The seven conformer ensembles obtained were then refined at the DFT-theory level using the CENSO [27] (version 1.2.0) framework interfaced with the ORCA quantum chemistry program package (version 5.0.1) [28] according to the following protocol:

• part0 cheap prescreening: b97-d3 [29]/def2-SV(P)//GFN2-xTB (Input geometry)
• part1 prescreening: r²scan-3c [30] + C-PCM[hexane] + GmRRHO [18] (GFN2[ALPB [31]]-bhess [32])//GFN2-xTB (Input geometry)
• part2 optimization: r²scan-3c + C-PCM[hexane] + GmRRHO(GFN2[ALPB]-bhess)//r²scan-3c[SMD]

This framework enabled faster processing of the vast conformational ensemble of a large number of conformers since each part analyzed the conformers and sorted out those with a relative energy greater than the default (for part0 4.0 kcal/mol, part1 3.5 kcal/mol, and part2 2.5 kcal/mol). For the last two parts, the free energy was calculated via the mRRHO approximation [18].

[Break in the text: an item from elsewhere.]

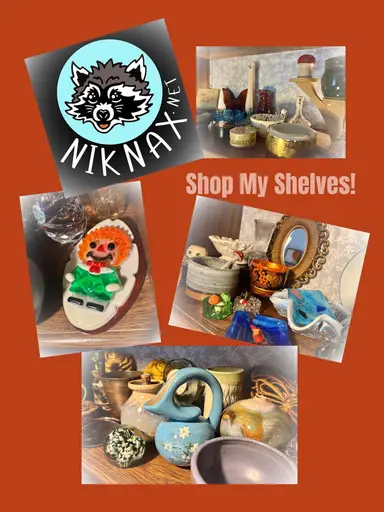 💥Shop My Shelves! $8 / $10 / $12 Sb💥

All following calculations have been performed using the Gaussian16 (rev. A.03) [33] program at the DFT level with the ωB97x-D/6-31g(d) model chemistry and C-PCM implicit solvation in n-hexane. These parameters were chosen on the basis of previous works on similar compounds [34]. Free energy has been calculated with a vertical excitation energy correction, modifying the functional and the basis set to M06-2X/def2-TZVP, and using the previously calculated thermochemical correction [35].

To accurately describe non-covalent interactions, the NCI index was calculated with the NCIPLOT [36] software (version 4.0) using the FINE grid of integration.

To study the energetic contributions to the transition states (TS), the distortion-interaction model (DIM) was employed [19,20]. This analysis was carried out by fragmenting each molecule into five groups (Figure 2): each of four substituents and the N-N core. For each fragment, the distortion energy ($E_d^i$) was calculated as the difference between the energy of the segment at its TS geometry ($E_{T{S}_i}^{*}$) and at its ground potential (GP1) geometry ($E_{G{P}_i}$). Thus, the interaction energy ($E_i$) was obtained by the difference between the single point energy of the whole TS and the sum of all distortion energies.

$$E_d^i=E_{T{S}_i}^{*}-E_{G{P}_i}$$

(1)

$$E_i=E_{TS}-{\displaystyle \sum ^{\mathrm{fragment}}}{E}_d^i$$

(2)

3.2. Synthesis and Experimental Part

Hydrazides have been synthesized with an achiral methodology, as reported in Figure 8. The synthetic strategy can be divided into three categories: the first two employed the di-tert-butyl hydrazine-1,2-dicarboxylate and the corresponding bromide derivates or anhydrides to give A1-F6 compounds. In alternative, di-tert-butyl azodicarboxylate has been employed in a sequential pathway to obtain compound G7. Only the first one has already been discussed in the literature [37]; the others were not optimized procedures.

4. Conclusions

During this study, a systematic computational and experimental analysis of seven atropoisomeric hydrazides was conducted. For the herein studied molecules, both the GPs and the transition state geometries have been thoroughly investigated, in good accordance with the experimental racemization studies. Furthermore, with both the DIM and the NBO analyses, it has been possible to assign as the cause of the rotational impeding the predominant distortion energy of the N–N bonds and the partial rehybridization of the two nitrogen atoms.